_DIRECTIONS FOR THIS TASK:_ Set down exactly the lines that run from the one containing "KFX-1689917 Foldable Nylon" to the end of the material below, both included, without pictures.

'''

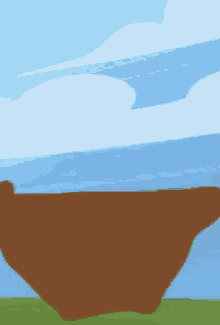 a cartoon drawing of a cliff overlooking the ocean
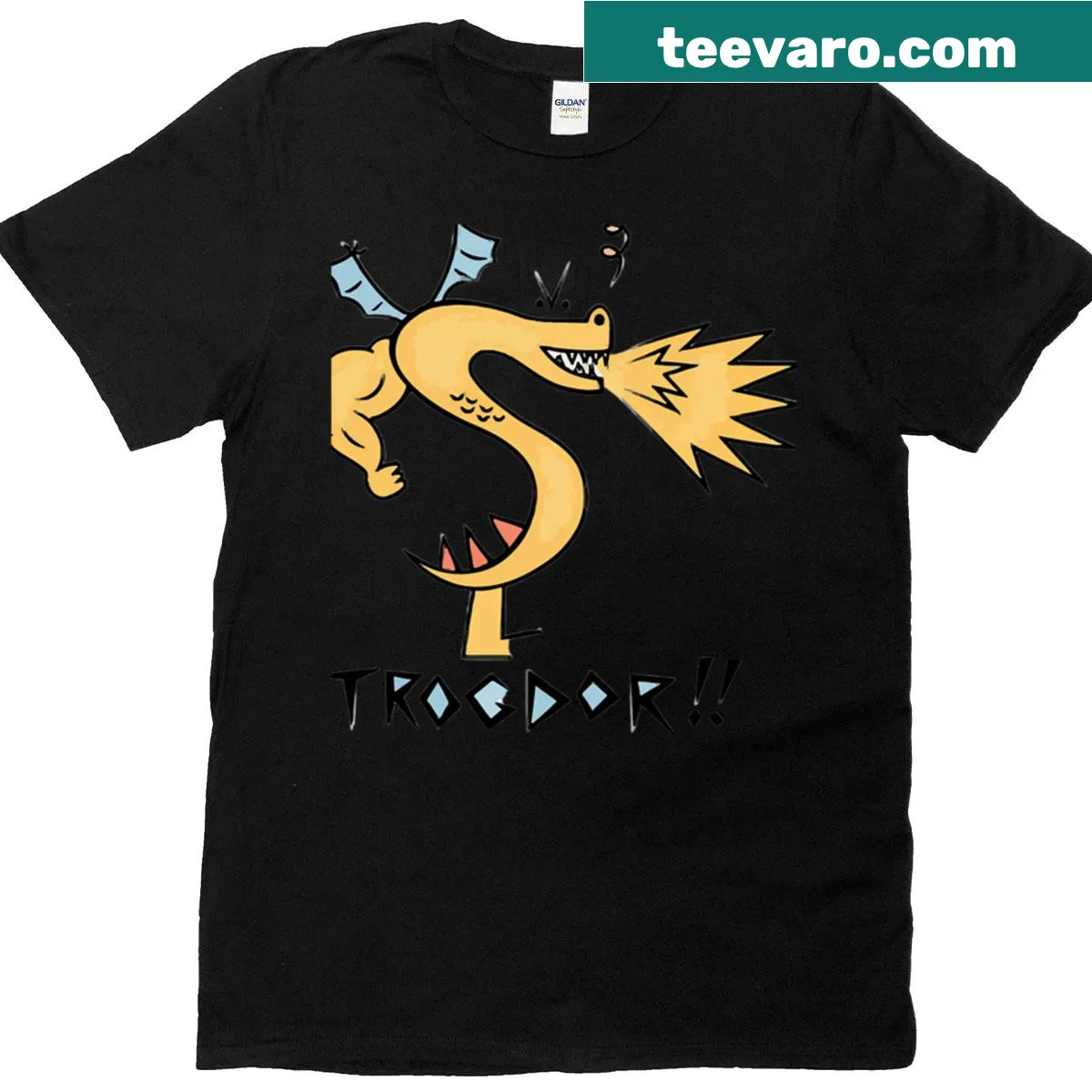 Golden Trogdor the Burninator design T-shirt — on a men's t-shirt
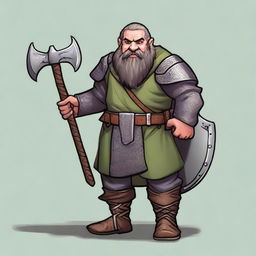 A dwarf with dark grey hair, greyish skin, green eyes, and a somewhat disproportionate body covered in chainmail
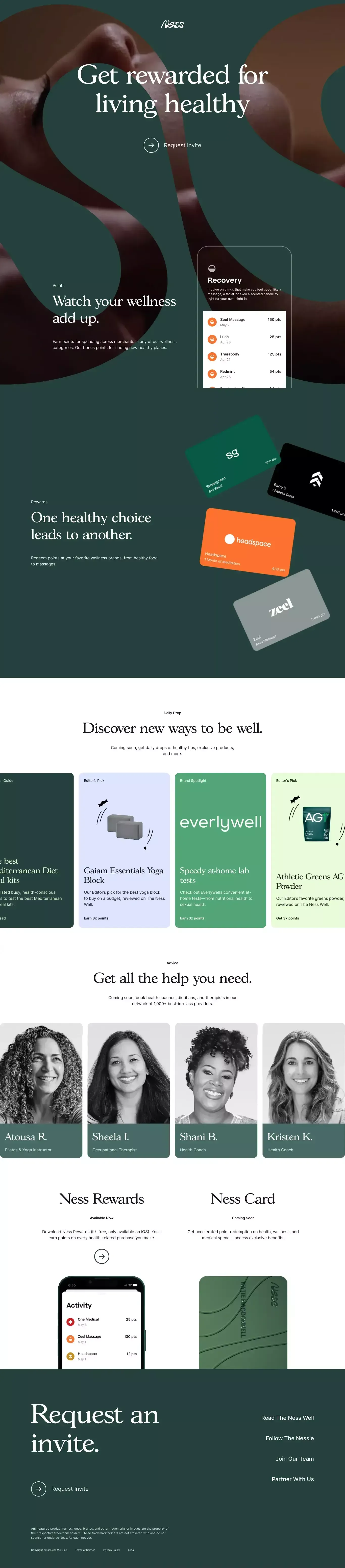 Ness - Get Rewarded for Living Healthy - Landing design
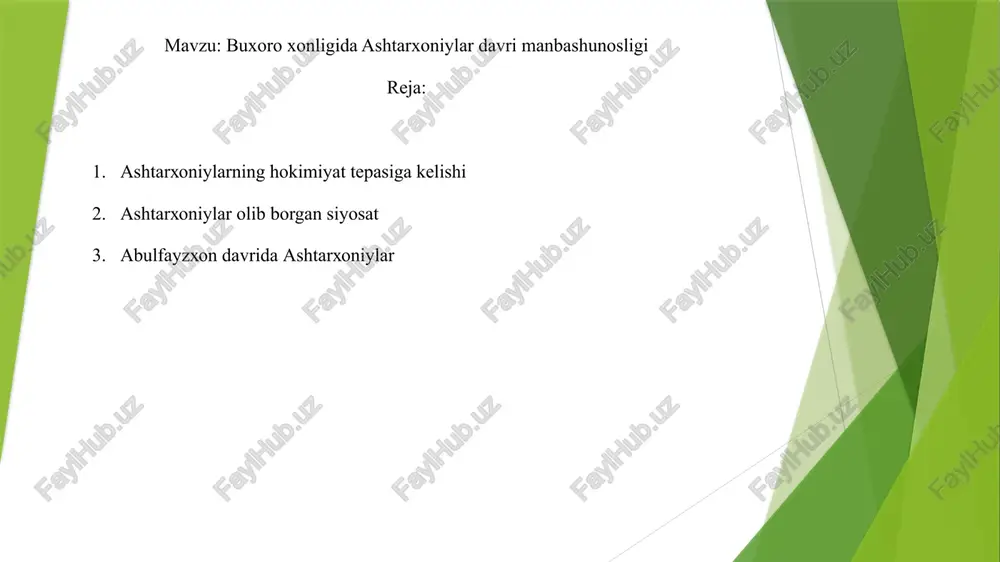 buxoro xonligida ashtarxoniylar davri manbashunosligi — PPTX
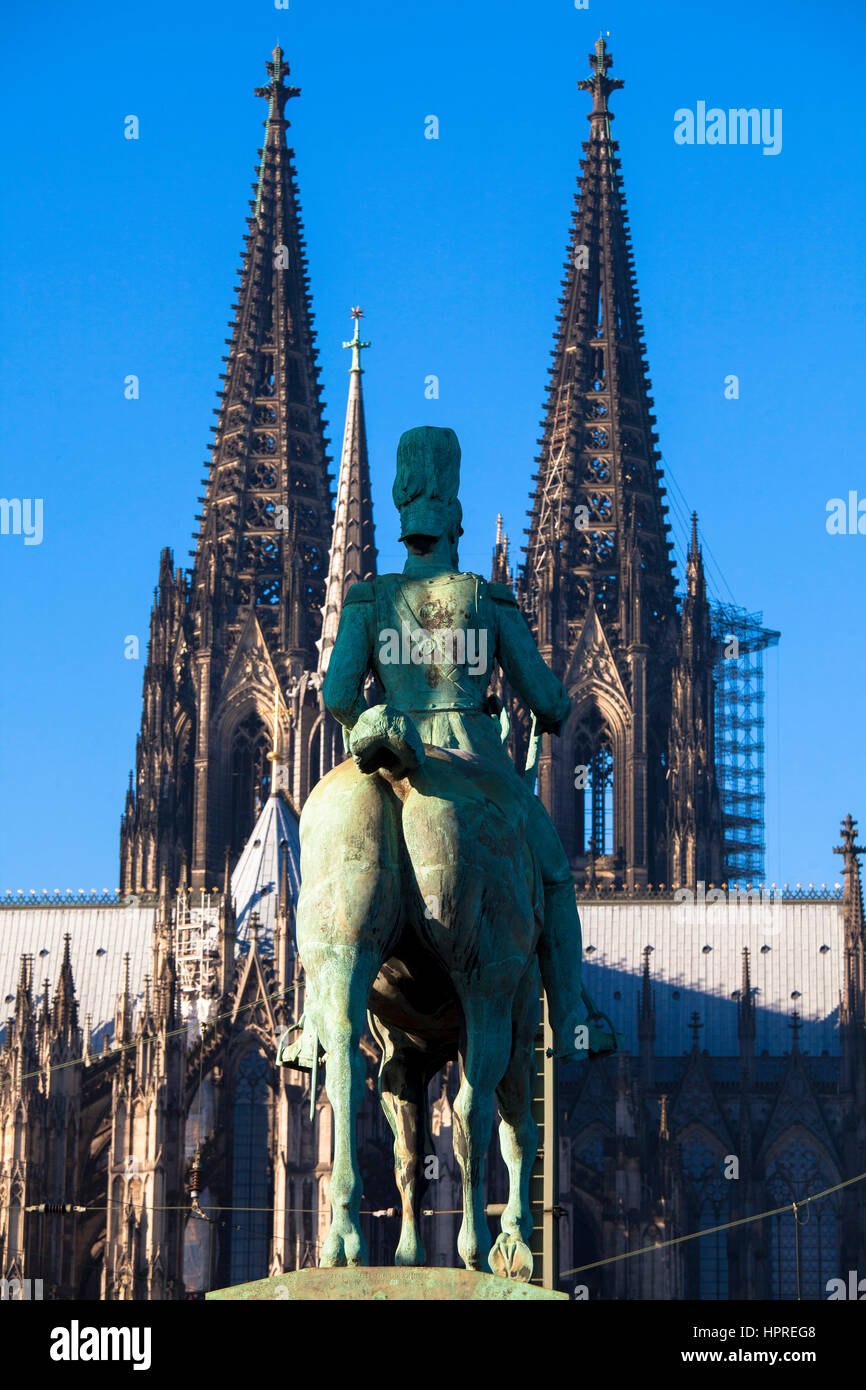 Europe, Germany, Cologne, equestrian statue at the Hohenzollern bridge, the cathedral. Stock Photo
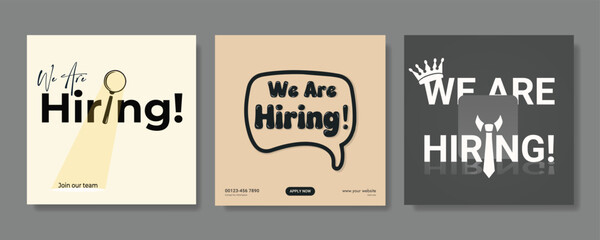 We are hiring job vacancy social media post banner design template. we are hiring background, job vacancy concept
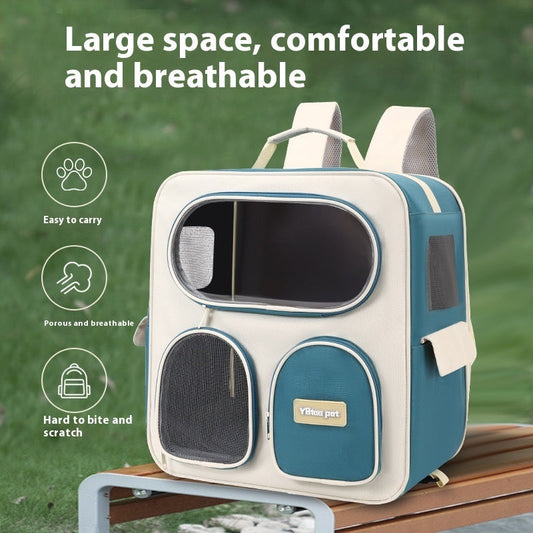 KFX-1689917 Foldable Nylon Pet Trolley Bag for Outings - 18L Capacity, Medium Hard Design
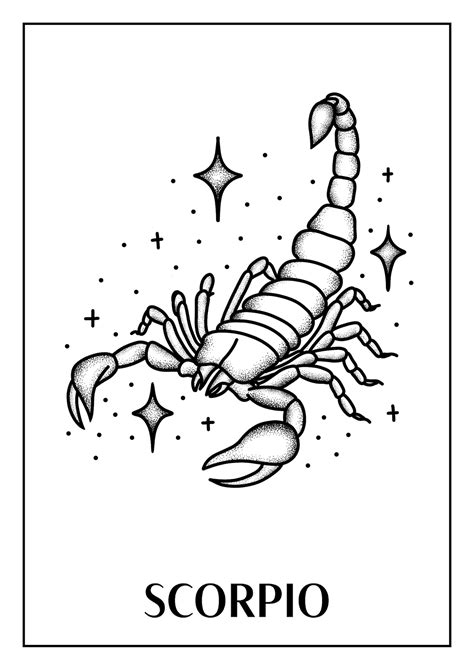 Scorpio Illustration Print Zodiac Tattoo Art Astrology | Etsy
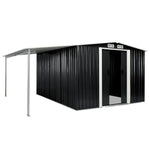 ZNTS Garden Shed with Sliding Doors Anthracite 386x312x178 cm Steel 144032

'''

_SOLUTION:_
 KFX-1689917 Foldable Nylon Pet Trolley Bag for Outings - 18L Capacity, Medium Hard Design
 Scorpio Illustration Print Zodiac Tattoo Art Astrology | Etsy
 ZNTS Garden Shed with Sliding Doors Anthracite 386x312x178 cm Steel 144032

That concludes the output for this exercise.